Lijia Janeth Gomez Alonzo is quite a woman. She seems to know everybody and is well-known in the community as a leader, she takes care of her brother who requires supervision for mental needs, and she is the proud mother of two children, Julio and Marcela.
Lijia tells about her journey as she sits down in a sofa in her new living room. Things are a little squeezed together. The love seat and the armchair are pushed up next to each other, right in front of the TV. Lijia tells that she is hosting more than her direct family, that her sister is posted up in one of the bedrooms, and her special needs brother is staying in another. Four-year-old Julio sits next to her as she starts telling the story.
She tells about the house she was living in before. It was actually a pretty nice place, in the center of the city of Chimaltenango. “I was paying 1,200 Quetzales [$155] every month for about twenty years,” she says. “But we never had enough at one time to save for a plot of land, to be able to pay that at once.”
If we do the math, that’s about five Habitat homes she could have paid off instead of twenty years’ rent.
“A few years ago, my children’s father went to the United States to look for work,” says Lijia. “He didn’t come back.” With the remesas, or money from family members in the States, that were sent back at first, Lijia was able to buy a small plot of land. But communication quit with her partner, and she was left to take care of the kids alone.
But Lijia didn’t let that bring her down. She applied for a house with Habitat Guatemala and now she is building a new life – a strong life – in her new Habitat home.
“Here, I’m paying 600. Half. There are always expenses, there are always debts to pay, so this place gives me the opportunity to do that.”
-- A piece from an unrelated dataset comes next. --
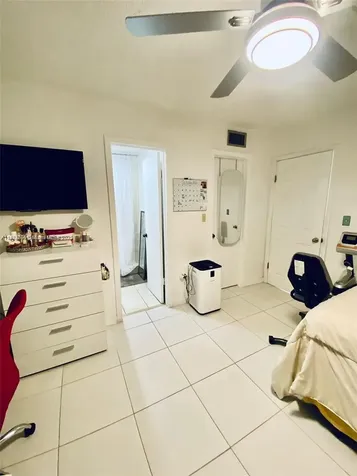10000 NW 80 Court Hialeah Gardens FL 33016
Lijia built her house mainly for one reason, to provide a better future for her kids. One opportunity that this house has given her is the ability to send her daughter to private school. Lijia says that public schools are a mess and that in private school, her daughter will get a much better education.
“They can have a better education, and a better quality of life down the road,” says Lijia. Lijia is really a special case. In Guatemala, it’s usually quite the opposite: kids are forced to work instead of go to school in an effort for added income. Lijia says she has never taken her kids out of school to work. Insead, she is working hard and making life choices based on the wellbeing of her kids.
“To have your own house implies many benefits,” says Lijia, “like the stability, and not investing in something that’s not yours.”
Having the house and taking care of her siblings has inspired Lijia to continue making changes to solidify her family‘s quality of life. She’s constructed a big open area on the side of her house: a closed space for a car, a kitchen area, and a wash area. As soon as the area is finished, she’s going to move the kitchen out there so that the living space inside is more comfortable.
Sure, things would be easier with a father, or a husband. Sure, things would be easier with an added source of income. But Lijia is proving herself as a strong caretaker of two children, a sister, and a special needs brother. She’s gotten on her own two feet and provided the stability that her family needs. And it started with a house.